Out of an abundance of sexual frustration and (apparently) a masochistic streak I signed up for a dating website recently. “Why not?” I thought. “What do I have to lose?” This is an optimism that isn’t typical of me. There’s always something to lose, even on your deathbed. Even when the stakes are so low.
I only have one good picture of myself. I am holding my niece. We look like an oil painting. The dark is behind us, the light before us. Neither of us is smiling nor are we frowning. Instead we look surprised and perhaps a little bit scared, beholding something that is both great and terrible. I took this sacred photo and uploaded it to a website where people shop for each other.
After this I wrote about myself in trite, petite soundbites that avoided more than they admitted. Politics, spirit, dreams and aspirations are all distilled into choices on a drop down menu. Instead of ‘anarcho-communist’ I chose ‘liberal’, a thing I most certainly am not. I was able to flaunt my graduate degree, a diploma that is only useful for wiping asses or kindling fires, without seeming too snobbish. I was asked to list my astrological sign, my preferences regarding children, cigarettes, alcohol, voting and domesticated animals. These are the criteria by which a person’s worthiness of being known is judged. And then, important above all things, is one’s career or lack thereof.

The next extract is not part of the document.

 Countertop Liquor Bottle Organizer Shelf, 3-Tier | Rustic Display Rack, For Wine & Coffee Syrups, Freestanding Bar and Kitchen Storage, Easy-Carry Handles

As I began to look at the people to whom I would apparently and inexplicably be wedded I began to notice that there is a sort of form to the creation of a profile on these sights, particularly where pictures are concerned, that verges on a sort of modern folk art, a haiku for ugly Americans to compose as the world burns. I can only comment on this phenomenon as it pertains to women- I didn’t sign up to look at men, although this would be an interesting thing to do in the pursuit of a more thorough knowledge of the limits of human imagination.
While the order of presentation can change, the common elements remain. There is the obligatory selfie that is usually taken in a car or in front of a mirror. This part of the pattern is understandable- the website uses some unfortunate algorithm to authenticate your face, a technology that I can only assume is also used by the military industrial complex for less innocuous purposes.
There is also a recurring though not quite universal photo in which the person is posing in a location that is obviously not in the United States. I interpret this to be an assertion of the subject’s worldliness. I guess I shouldn’t judge people for doing this. People take pictures when they travel. It is just that I hate to travel and even if I didn’t I couldn’t. I can’t afford to travel because I can’t afford to anything. And maybe this is what it boils down to. There is a class dimension to these things, as there is to all things in this awful society.
Other ingredients of this form are the brunch shot, in which the person sits before a completely denuded breakfast plate, mimosa in hand, which appears to be another assertion of one’s position in the class hierarchy as well as testament to the fact that they are fun all day, all the time. Weekends are leisurely, the weeks are full of important and well paying work. Then there is the group photo, in which they pose with people that are apparently dear friends and relatives. The photo says that they are rooted in a community of some kind, utterly complete save one predictable but suprising, humble yet successful, well appointed human male.
Inevitably there is a photo taken on a beach, presumably so the observer can admire the person unclothed and ponder the hours they spent at the gym. But perhaps it is indicative of all the ways in which I am myself a petty and superficial person that I noticed this at all. I chose to not look at people who I found to be unattractive. I denied them the right of the internet age to be noticed, to register as a blip on the radar of another human’s consciousness.
People tell stories with pictures and all pictures tell stories. That the stories people to choose to tell as they search for connection are remarkably similar tells a story on a grander scale. That we are frightened of looking different. Afraid that the world will know we’re broken and unloveable, that we can barely stand another day of feeling so lonely. And then that we’re simply afraid, reaching for affirmation of our beauty and of our ability to perform conformity for wages of love as we march away from the darkness and into a light that shines so brightly we cannot see. This light might be salvation. Or it might just be what we see before the shockwave hits.